Web page caption snippets
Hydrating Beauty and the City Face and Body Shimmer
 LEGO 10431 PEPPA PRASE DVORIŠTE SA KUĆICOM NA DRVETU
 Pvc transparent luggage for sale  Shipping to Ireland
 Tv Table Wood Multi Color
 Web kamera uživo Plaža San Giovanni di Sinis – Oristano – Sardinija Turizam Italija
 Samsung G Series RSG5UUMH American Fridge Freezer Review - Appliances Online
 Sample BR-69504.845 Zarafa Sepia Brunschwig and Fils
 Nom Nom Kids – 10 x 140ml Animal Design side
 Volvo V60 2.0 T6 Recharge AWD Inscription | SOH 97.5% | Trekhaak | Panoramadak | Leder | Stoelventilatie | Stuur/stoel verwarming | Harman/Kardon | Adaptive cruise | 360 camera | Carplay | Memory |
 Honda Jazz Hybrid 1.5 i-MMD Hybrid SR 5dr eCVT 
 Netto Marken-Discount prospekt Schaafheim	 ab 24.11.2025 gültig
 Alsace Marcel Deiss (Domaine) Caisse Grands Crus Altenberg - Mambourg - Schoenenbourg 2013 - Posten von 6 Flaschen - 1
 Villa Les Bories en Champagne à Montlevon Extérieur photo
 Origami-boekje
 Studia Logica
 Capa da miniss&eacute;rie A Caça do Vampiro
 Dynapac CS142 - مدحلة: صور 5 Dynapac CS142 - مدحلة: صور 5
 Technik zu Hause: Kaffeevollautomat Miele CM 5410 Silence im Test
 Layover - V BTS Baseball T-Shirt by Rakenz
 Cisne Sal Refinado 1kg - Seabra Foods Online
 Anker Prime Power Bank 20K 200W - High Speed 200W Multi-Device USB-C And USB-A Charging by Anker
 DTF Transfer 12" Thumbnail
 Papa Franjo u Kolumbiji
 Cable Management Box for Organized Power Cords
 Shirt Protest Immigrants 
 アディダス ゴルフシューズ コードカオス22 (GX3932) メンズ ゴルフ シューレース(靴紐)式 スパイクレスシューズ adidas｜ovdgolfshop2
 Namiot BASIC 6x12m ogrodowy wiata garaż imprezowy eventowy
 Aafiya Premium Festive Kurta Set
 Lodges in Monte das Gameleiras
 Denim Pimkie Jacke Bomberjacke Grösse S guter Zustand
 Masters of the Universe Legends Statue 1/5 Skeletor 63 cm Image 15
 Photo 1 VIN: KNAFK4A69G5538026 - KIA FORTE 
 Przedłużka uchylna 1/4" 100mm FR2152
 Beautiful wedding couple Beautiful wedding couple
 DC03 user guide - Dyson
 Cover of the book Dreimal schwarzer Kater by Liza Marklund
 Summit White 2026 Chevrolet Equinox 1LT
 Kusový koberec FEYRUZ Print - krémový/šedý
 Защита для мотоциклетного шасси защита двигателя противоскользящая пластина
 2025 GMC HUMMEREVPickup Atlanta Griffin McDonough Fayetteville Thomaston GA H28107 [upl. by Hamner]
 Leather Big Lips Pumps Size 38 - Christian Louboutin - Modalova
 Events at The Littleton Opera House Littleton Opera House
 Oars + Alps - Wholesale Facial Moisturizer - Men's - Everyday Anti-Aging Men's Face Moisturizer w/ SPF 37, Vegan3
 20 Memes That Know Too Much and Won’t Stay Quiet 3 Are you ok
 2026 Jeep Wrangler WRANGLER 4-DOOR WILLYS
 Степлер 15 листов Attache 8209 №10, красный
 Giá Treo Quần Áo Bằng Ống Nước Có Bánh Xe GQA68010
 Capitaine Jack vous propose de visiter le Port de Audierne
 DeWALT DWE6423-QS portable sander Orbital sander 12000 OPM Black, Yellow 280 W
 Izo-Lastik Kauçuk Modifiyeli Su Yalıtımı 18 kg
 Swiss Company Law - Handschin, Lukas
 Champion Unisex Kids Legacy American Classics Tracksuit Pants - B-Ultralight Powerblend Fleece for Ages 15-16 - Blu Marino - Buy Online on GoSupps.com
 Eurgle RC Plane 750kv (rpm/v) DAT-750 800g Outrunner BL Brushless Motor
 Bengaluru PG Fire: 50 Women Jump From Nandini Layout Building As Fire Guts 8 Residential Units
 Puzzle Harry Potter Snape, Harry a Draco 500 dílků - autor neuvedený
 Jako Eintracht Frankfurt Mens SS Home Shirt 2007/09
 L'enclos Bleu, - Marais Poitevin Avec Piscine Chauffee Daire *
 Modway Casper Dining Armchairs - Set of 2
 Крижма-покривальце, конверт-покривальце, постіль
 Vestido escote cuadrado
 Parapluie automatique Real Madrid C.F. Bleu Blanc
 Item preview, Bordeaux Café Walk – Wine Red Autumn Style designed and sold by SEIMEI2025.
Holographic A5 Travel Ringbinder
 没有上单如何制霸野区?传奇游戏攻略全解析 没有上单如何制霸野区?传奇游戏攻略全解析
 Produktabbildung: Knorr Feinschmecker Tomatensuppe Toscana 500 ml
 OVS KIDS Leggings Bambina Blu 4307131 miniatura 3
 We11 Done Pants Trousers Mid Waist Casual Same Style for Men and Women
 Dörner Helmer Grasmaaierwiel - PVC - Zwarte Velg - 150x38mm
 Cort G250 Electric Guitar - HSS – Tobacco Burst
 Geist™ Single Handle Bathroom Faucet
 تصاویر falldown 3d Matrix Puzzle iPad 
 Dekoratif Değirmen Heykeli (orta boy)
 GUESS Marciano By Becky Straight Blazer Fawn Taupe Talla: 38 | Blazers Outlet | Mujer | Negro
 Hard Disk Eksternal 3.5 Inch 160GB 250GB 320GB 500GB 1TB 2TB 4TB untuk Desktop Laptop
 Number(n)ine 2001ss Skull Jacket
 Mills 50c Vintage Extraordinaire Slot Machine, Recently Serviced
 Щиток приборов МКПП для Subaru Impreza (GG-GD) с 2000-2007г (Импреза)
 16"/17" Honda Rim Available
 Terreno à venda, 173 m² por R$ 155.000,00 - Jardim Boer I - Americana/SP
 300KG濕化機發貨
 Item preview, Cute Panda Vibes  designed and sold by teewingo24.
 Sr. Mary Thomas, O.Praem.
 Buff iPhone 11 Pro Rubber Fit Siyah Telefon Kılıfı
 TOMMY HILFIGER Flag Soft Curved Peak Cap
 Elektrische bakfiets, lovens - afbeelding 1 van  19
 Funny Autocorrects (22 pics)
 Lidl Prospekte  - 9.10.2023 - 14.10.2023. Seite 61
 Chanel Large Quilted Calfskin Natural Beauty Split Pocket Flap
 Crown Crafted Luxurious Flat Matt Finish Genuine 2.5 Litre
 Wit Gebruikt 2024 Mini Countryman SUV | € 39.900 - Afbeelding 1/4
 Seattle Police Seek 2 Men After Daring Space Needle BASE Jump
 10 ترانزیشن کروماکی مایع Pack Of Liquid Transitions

Task prompt: For the word "Multi", go through the records and show each line that carries it.

Answer for this exercise:
 Tv Table Wood Multi Color
 Anker Prime Power Bank 20K 200W - High Speed 200W Multi-Device USB-C And USB-A Charging by Anker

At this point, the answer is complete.